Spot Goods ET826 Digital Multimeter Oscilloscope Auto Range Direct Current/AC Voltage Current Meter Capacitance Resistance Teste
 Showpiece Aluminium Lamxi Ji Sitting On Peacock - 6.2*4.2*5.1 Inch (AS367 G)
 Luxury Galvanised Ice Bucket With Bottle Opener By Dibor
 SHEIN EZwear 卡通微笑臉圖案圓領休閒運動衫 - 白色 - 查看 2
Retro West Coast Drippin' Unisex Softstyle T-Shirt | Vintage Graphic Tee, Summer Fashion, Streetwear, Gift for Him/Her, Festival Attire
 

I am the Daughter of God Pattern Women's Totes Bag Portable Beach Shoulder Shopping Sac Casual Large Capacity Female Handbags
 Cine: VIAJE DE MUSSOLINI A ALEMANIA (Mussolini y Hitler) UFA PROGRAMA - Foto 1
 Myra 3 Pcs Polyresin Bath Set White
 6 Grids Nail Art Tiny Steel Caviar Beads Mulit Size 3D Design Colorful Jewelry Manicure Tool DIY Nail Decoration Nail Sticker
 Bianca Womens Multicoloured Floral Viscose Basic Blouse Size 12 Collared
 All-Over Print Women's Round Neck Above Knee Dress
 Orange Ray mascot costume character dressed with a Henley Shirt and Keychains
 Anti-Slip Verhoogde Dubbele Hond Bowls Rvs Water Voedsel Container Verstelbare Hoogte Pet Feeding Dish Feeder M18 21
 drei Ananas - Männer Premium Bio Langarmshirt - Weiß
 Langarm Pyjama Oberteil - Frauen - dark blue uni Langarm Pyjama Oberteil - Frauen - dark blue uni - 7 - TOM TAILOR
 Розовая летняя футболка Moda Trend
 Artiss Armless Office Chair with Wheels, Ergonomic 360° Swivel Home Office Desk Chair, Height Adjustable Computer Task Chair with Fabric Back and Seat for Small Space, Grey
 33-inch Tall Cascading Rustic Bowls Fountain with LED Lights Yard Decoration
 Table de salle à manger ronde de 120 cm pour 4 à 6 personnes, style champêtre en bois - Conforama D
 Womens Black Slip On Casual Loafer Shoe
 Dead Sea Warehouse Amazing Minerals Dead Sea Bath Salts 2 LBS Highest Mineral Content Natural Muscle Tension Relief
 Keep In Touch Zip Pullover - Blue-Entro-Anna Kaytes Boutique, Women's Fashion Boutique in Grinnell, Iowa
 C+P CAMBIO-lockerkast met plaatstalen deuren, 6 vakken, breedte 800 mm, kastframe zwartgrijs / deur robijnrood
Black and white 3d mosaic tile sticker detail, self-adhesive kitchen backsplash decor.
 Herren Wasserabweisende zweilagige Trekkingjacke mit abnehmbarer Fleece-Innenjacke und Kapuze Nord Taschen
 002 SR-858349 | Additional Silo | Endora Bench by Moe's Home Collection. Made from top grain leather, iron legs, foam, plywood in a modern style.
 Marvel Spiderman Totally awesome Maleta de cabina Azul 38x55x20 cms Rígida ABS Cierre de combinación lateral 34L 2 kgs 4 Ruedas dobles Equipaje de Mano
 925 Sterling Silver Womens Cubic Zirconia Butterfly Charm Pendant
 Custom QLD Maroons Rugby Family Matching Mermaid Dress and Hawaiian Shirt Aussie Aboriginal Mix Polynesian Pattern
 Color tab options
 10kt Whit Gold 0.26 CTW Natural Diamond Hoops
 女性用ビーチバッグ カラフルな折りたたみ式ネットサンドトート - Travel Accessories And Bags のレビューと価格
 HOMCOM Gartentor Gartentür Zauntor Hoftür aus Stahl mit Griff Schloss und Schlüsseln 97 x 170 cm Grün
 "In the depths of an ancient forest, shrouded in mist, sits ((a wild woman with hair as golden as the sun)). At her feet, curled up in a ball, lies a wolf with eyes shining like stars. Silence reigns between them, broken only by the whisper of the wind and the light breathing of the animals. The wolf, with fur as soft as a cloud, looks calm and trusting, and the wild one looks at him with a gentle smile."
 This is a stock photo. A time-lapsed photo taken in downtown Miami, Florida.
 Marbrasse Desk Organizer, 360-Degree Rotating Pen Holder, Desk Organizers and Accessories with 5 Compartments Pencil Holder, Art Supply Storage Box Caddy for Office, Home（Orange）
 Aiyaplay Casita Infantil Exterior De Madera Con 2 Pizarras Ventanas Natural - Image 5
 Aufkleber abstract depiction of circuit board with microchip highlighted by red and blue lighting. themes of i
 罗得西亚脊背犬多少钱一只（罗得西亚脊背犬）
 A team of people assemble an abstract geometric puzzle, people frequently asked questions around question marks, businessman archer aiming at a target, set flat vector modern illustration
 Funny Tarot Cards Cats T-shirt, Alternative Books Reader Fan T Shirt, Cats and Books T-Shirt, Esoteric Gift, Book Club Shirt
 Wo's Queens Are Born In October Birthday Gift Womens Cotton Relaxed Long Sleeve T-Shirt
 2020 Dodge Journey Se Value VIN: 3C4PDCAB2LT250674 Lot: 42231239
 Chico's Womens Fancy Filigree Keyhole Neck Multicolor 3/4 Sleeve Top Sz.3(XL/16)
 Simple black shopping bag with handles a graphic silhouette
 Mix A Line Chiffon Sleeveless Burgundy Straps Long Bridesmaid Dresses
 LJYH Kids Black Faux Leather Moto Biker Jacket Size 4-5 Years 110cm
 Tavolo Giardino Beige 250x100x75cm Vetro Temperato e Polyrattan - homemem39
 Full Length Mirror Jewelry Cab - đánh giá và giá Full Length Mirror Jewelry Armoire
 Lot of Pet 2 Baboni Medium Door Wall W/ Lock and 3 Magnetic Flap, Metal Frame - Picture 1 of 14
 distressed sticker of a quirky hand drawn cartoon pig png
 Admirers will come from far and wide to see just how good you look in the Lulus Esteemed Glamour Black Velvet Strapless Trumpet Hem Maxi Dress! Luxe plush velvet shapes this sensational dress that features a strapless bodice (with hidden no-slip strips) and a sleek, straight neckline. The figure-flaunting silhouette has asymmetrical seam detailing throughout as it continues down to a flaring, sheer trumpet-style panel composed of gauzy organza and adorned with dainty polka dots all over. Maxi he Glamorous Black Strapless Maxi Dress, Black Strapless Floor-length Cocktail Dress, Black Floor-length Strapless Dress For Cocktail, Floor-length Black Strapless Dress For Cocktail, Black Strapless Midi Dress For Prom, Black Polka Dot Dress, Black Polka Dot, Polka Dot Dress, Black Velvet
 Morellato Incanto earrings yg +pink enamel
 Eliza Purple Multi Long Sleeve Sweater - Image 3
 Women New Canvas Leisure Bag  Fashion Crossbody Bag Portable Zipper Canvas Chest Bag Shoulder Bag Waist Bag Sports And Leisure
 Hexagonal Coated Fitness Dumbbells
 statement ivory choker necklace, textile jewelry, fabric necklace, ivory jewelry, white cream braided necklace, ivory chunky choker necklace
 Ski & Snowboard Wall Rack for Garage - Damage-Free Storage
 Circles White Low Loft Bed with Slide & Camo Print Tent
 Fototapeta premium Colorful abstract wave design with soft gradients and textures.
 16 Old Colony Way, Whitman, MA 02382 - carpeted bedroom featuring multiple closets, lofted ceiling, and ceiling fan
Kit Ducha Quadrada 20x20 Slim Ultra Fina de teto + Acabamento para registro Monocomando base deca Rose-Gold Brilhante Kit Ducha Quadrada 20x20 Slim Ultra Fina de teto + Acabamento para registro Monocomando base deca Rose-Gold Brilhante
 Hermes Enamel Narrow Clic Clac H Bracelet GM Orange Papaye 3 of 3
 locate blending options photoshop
==================================================
(Aim of the exercise)
Determine how many lines contain the string "Office" in the listing, and state that number by itself.

(Written solution)
2